Jean Malaurie à Dieppe, le 28 juillet 2018.

Un jour de 1951, Jean Malaurie vit « basculer un monde de l’âge de pierre à l’âge atomique ». Il venait de déboucher, avec ses « camarades » inuits, au sommet d’un glacier, dans le nord-ouest du Groenland. Un des camarades lui toucha l’épaule. « Regarde, étranger ! » En contrebas, dans la plaine de Thulé, s’étendait « une cité de hangars et de tentes, de tôles et d’aluminium, éblouissante au soleil dans la fumée et la poussière », racontait-il au Monde en 1993. L’armée américaine déployait les installations d’une base militaire dans ce lieu qui fut l’un des plus déserts au monde, à 1 500 kilomètres du pôle Nord.

De ce « spectacle inouï », « shakespearien », qu’il n’a cessé d’évoquer dans des livres, des documentaires, des entretiens, procède une grande part, sans doute la plus essentielle, de cette longue aventure qu’a été la vie du géographe, explorateur et éditeur Jean Malaurie, mort à Dieppe (Seine-Maritime), à l’âge de 101 ans, comme l’a annoncé son fils, Guillaume, lundi 5 février.
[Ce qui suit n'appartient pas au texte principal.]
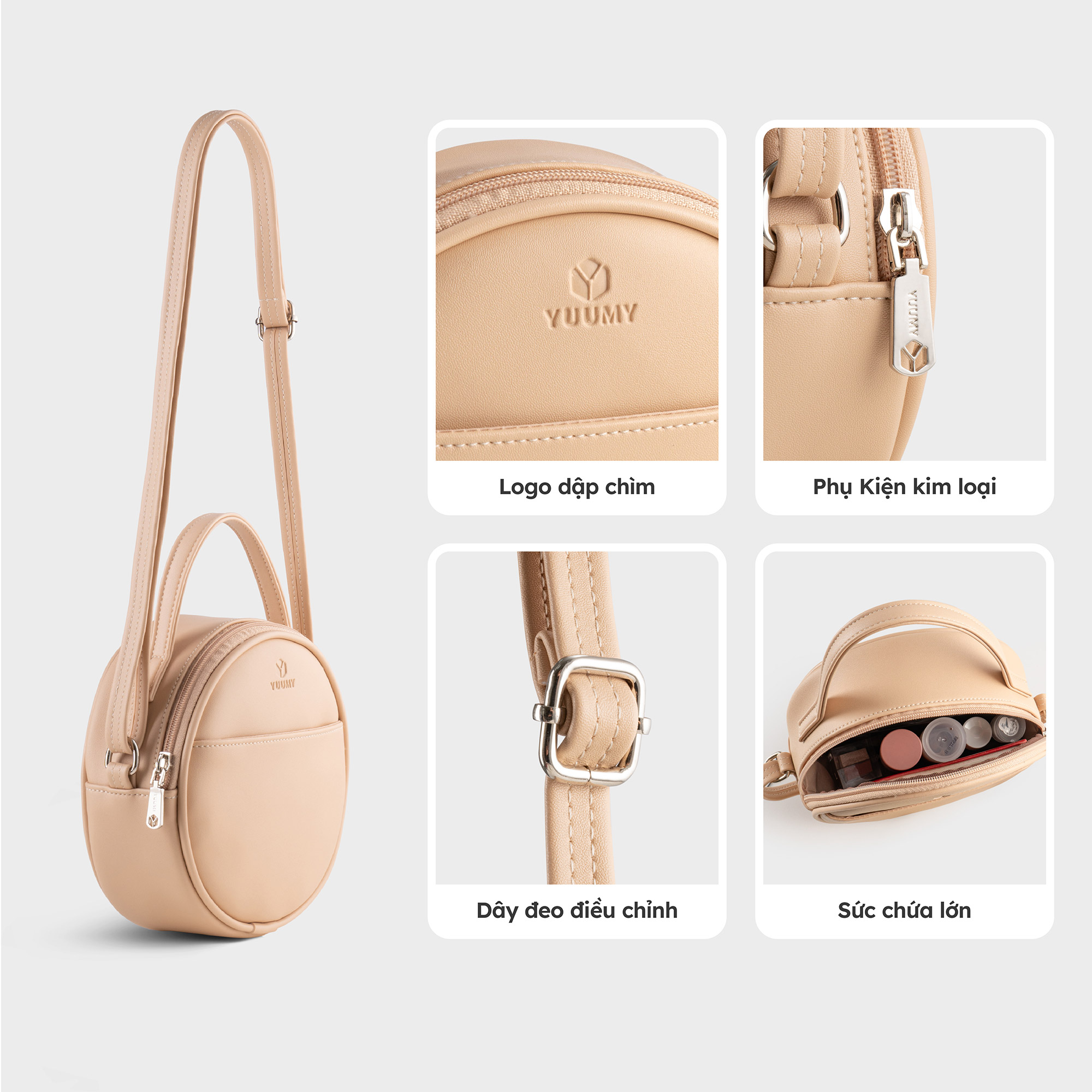 Túi Yuumy ( Thời trang nữ dáng tròn phối ngăn size 18 - Túi đeo chéo da Seasand YN261 )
Ne serait-ce que parce qu’elle l’a poussé à écrire un récit à succès, Les Derniers Rois de Thulé (Plon, 1955), où il raconte les mois qu’il venait de passer, seul, au milieu des Inuits et proteste contre le « choc colonialiste » que représentait le surgissement des militaires américains. Ce livre était le premier d’une collection – aujourd’hui encore éditée par Plon – qui allait renouveler le regard et l’écriture anthropologiques : « Terre humaine », que Jean Malaurie a dirigée jusqu’en 2015.

Il était né le 22 décembre 1922 à Mayence, en Allemagne, où son père, agrégé d’histoire, œuvrait au rapprochement entre Allemands et Français dans le cadre de l’occupation française de la Rhénanie. Au retour de la famille en France quand il a 8 ans, il reste imprégné par l’atmosphère féerique des rives du Rhin, les châteaux, les forêts, les légendes, les chants qui ont bercé sa petite enfance. Premier ailleurs, propice à la rêverie, à l’éveil d’un désir de départ qui l’animera sa vie durant. Son père meurt en 1939. Jean Malaurie a 17 ans. Il en a 20, en 1943, quand, élève de classe préparatoire à Paris, il est mobilisé pour le service du travail obligatoire, auquel il se dérobe. A la fin de la guerre, sa mère meurt à son tour. Il est seul. Sa vie commence. En d’autres termes : il peut enfin sortir de la rêverie, et partir pour de bon. Il ne reviendra plus guère.

« Ethno-historien » du Grand Nord

C’est à l’Institut de géographie de Paris, où il a repris ses études à la Libération, que l’occasion lui en est offerte. Les Expéditions polaires françaises, dirigées par Paul-Emile Victor, ont besoin d’un géographe. Il les rejoint au Groenland pour deux missions, en 1948 et 1949, en tant qu’attaché de recherche au Centre national de la recherche scientifique (CNRS), avant de partir, en solitaire, dans le désert du Hoggar, en Algérie, en 1949 et 1950. Géomorphologue, c’est-à-dire spécialiste des formes du relief terrestre, il étudie les pierres, les éboulis, spécialement en milieu extrême – très chaud, ou très froid, comme au Groenland, où il retourne en 1950-1951, en solitaire, avec quelques subsides du CNRS.